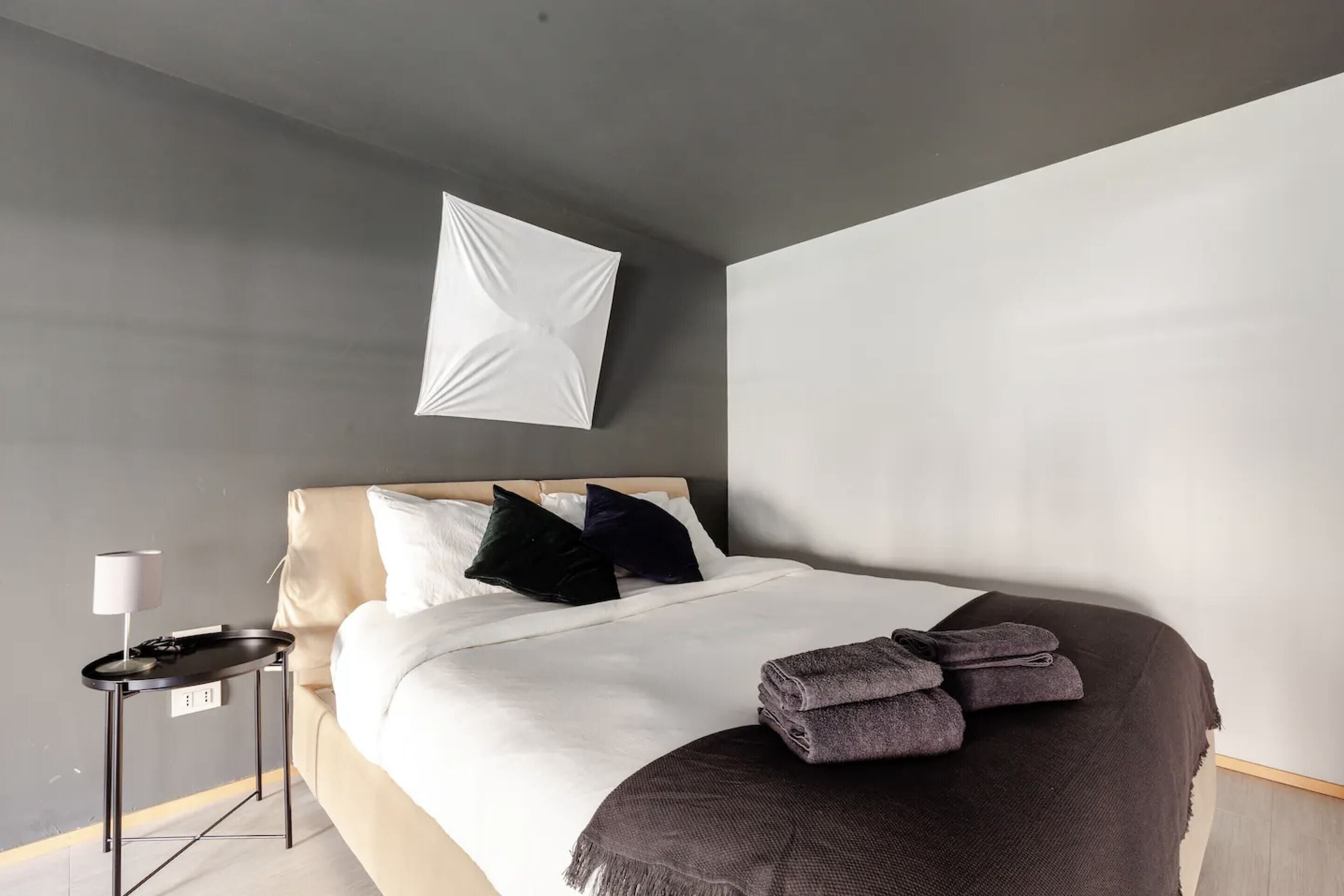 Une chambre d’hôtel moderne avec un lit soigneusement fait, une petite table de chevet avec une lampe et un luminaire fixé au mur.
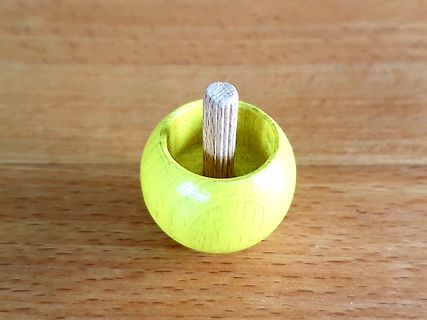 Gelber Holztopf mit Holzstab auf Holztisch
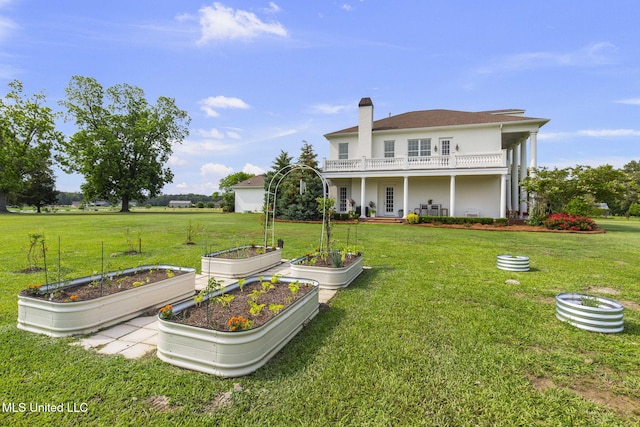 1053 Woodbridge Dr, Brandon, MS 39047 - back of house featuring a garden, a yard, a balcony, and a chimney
========================================
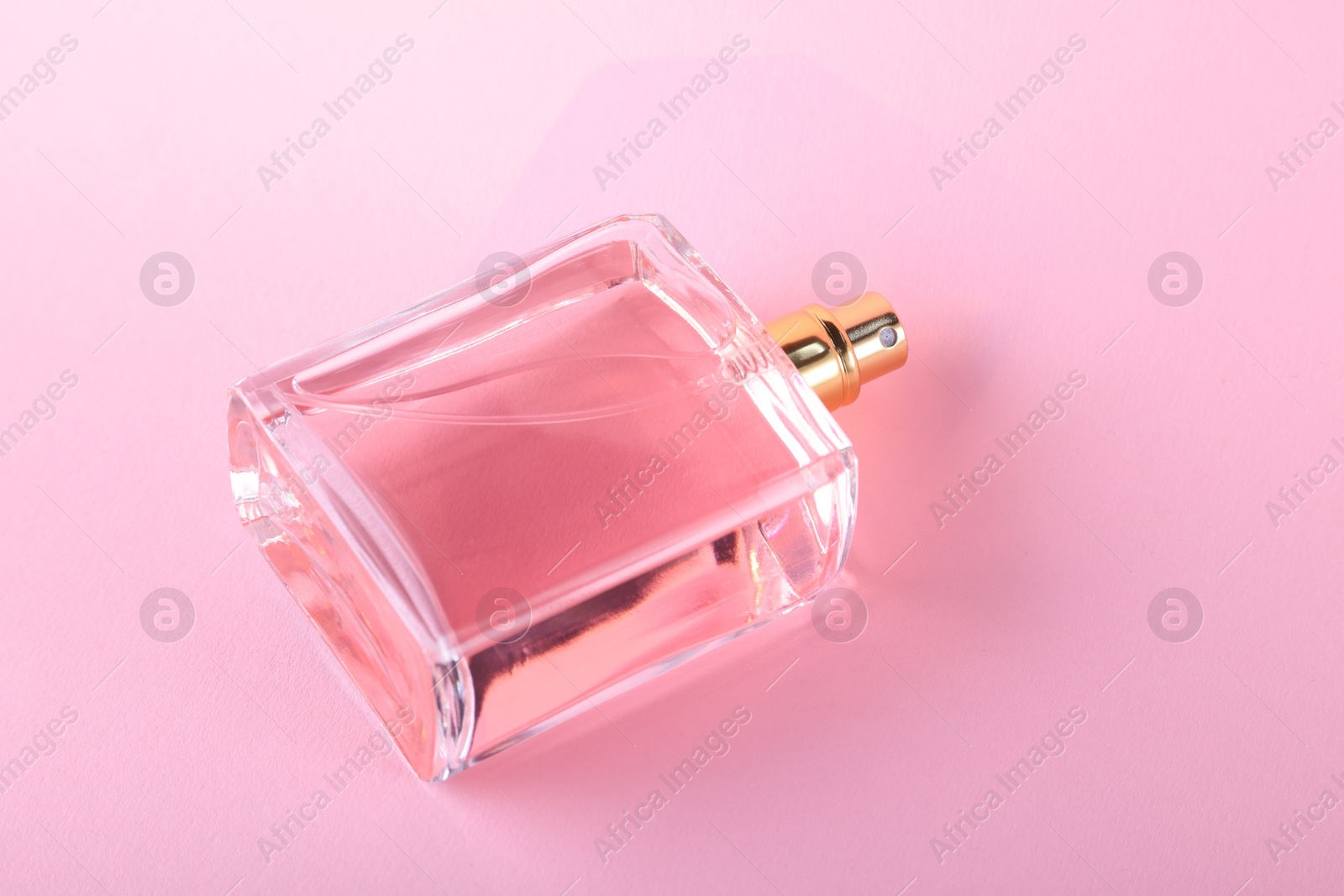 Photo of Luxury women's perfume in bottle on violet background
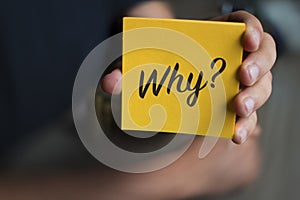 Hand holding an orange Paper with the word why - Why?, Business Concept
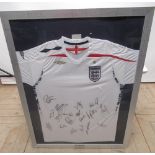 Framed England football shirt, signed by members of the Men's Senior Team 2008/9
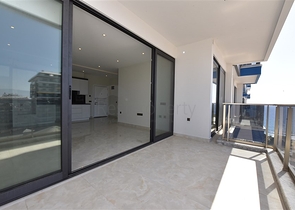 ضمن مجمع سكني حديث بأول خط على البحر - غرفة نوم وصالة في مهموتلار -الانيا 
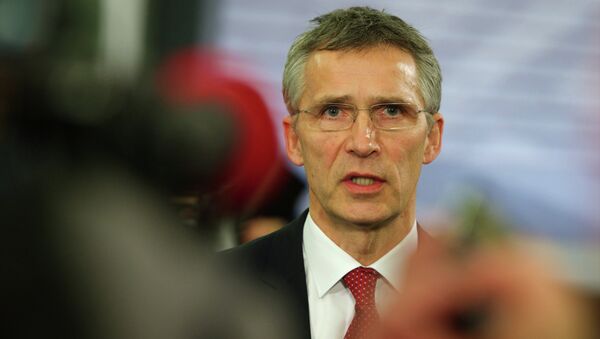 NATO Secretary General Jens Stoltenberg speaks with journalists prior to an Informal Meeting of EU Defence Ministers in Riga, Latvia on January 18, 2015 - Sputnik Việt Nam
========================================
## Exercise prompt
Look above and copy only the lines from the one holding "Une chambre d’hôtel" to the one holding "1053 Woodbridge Dr, Brandon, MS", both included, exactly, minus the pictures.

## Task output
 Une chambre d’hôtel moderne avec un lit soigneusement fait, une petite table de chevet avec une lampe et un luminaire fixé au mur.
 Gelber Holztopf mit Holzstab auf Holztisch
 1053 Woodbridge Dr, Brandon, MS 39047 - back of house featuring a garden, a yard, a balcony, and a chimney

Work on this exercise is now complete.